Kulturraststätten sind es allemal, die von den rund
vierzig mitreisenden Gästen besucht
und besichtigt wurden: Kunstateliers, Galerien, Ferien- und Gasthöfe
der besonderen Art
sowie der Malersaal eines bekannten Bühnenmalers.
Was vor etwa 2 Jahren mit staatlicher Förderung
als bundesweites Modellprojekt begann,
hat sich zwischenzeitlich zu einem ausgewachsenen touristischen Kunst-
und Kulturprojekt gemausert, das sich mitgroßem Ideenreichtum
und viel Eigeninitiative - und mittlerweile mit dem bayerischen Heimatpreis
versehen - immer größerer Bekanntheit auch über die
Allgäuer Grenzen hinaus erfreut.
In diesem Jahr wartet ARTour zum ersten Mal
mit einem Kurz- und Kunsturlaubsprogramm auf, eingeflochten in Musikveranstaltungen
und Ausstellungen, Seminare, lukullische Vergnügungen und eben
eine solche Kunst-Rundfahrt, wie sie dieses Jahr zum zweiten Male stattfand.
Die Teilnehmer der ARTour-Runde
sind zum einen ortsansässige Künstler, zum anderen
Landwirte und Gastronomen. Bisweilen allerdings kann die Trennung nicht
ganz so scharf gezogen werden: da betreibt ein Bildhauer nebenher die
Schweineaufzucht, der Gastronom wird zum Metzger, der Landwirt zum Gastronom
oder Gäste- und Seminarhaus-Betreuer und der Künstler zum
Galeristen. Und vielleicht ist es ja gerade diese Mischung aus Landverbundenheit
und Künstlerdasein, aus bäuerlichem Schaffen und Gastfreundschaft,
aus Tradition und Moderne, was dieses Projekt einerseits so anziehend
für Gäste und Kunstliebhaber macht und andererseits so zeitgemäß
- stärkt es doch auf seine Art die allseitigen Bestrebungen den
ländlichen Raum zu stärken und ihn einem sanften Tourismus
zugänglich zu machen.
Die Idee für das ARTour-Projekt entstand
auf jener Hochebene an der Grenze zum Unterallgäu, die den Einheimischen
noch unter dem alten Kulturnamen Holzstätt bekannt
ist.
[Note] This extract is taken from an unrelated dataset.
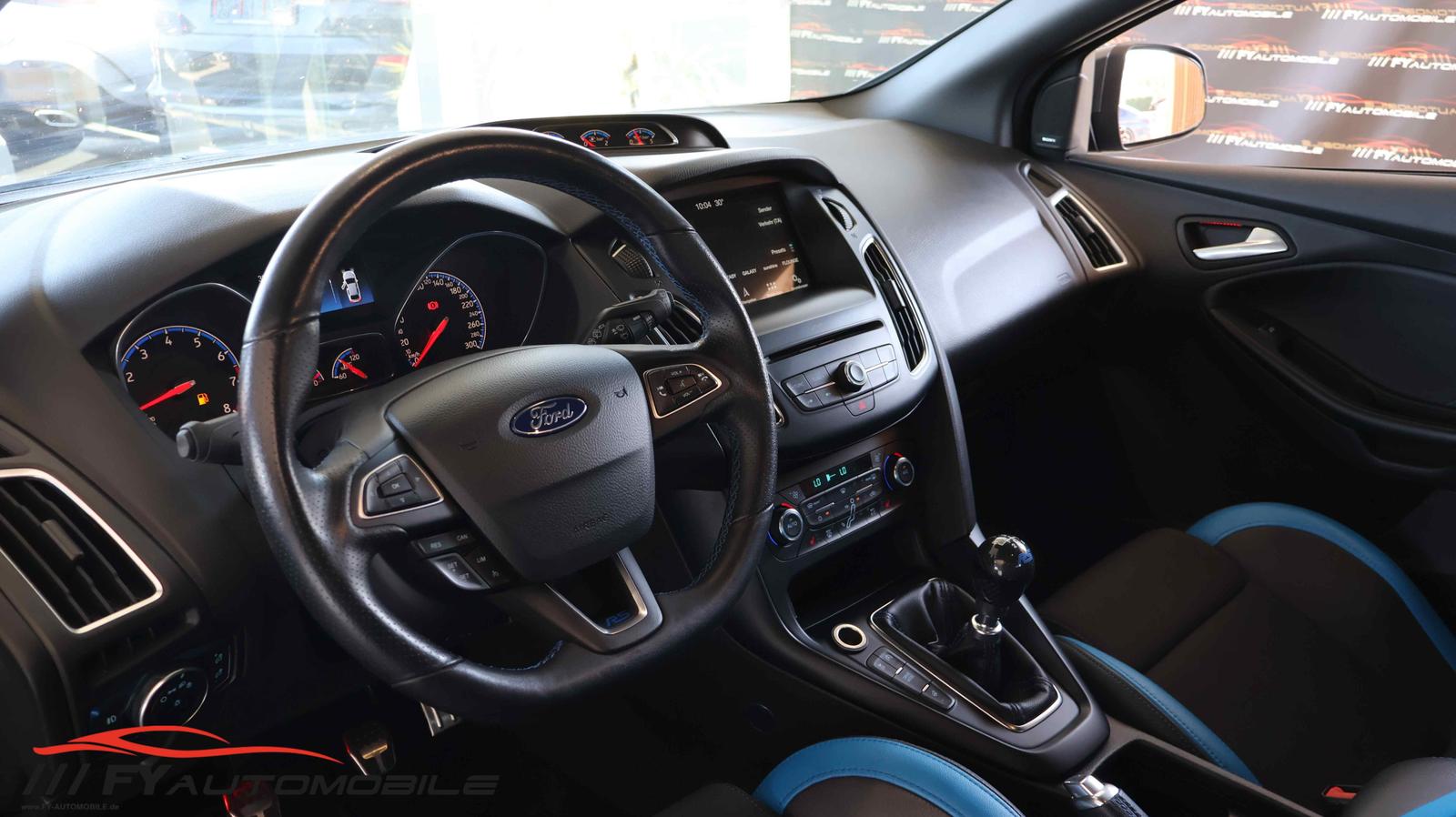 FORD FOCUS RS CAMÉRA* ÉCHAPPEMENT SPORT* GARANTIE*  | 349 ch | 4X4 | BVM |GARANTIE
Einer Gegend mit besonderem Licht und Ausstrahlung, großer
Ruhe und grandiosen Ausblicken auf die Alpenkette, deren verstreute
Weiler so malerische Namen tragen wie Blumenried, Beschaunen, Webams,
Stehlings oder Völken, heute alles Ortsteile der Gemeinde Eggenthal,
die dem Projekt wohlwollend und fördernd zur Seite steht.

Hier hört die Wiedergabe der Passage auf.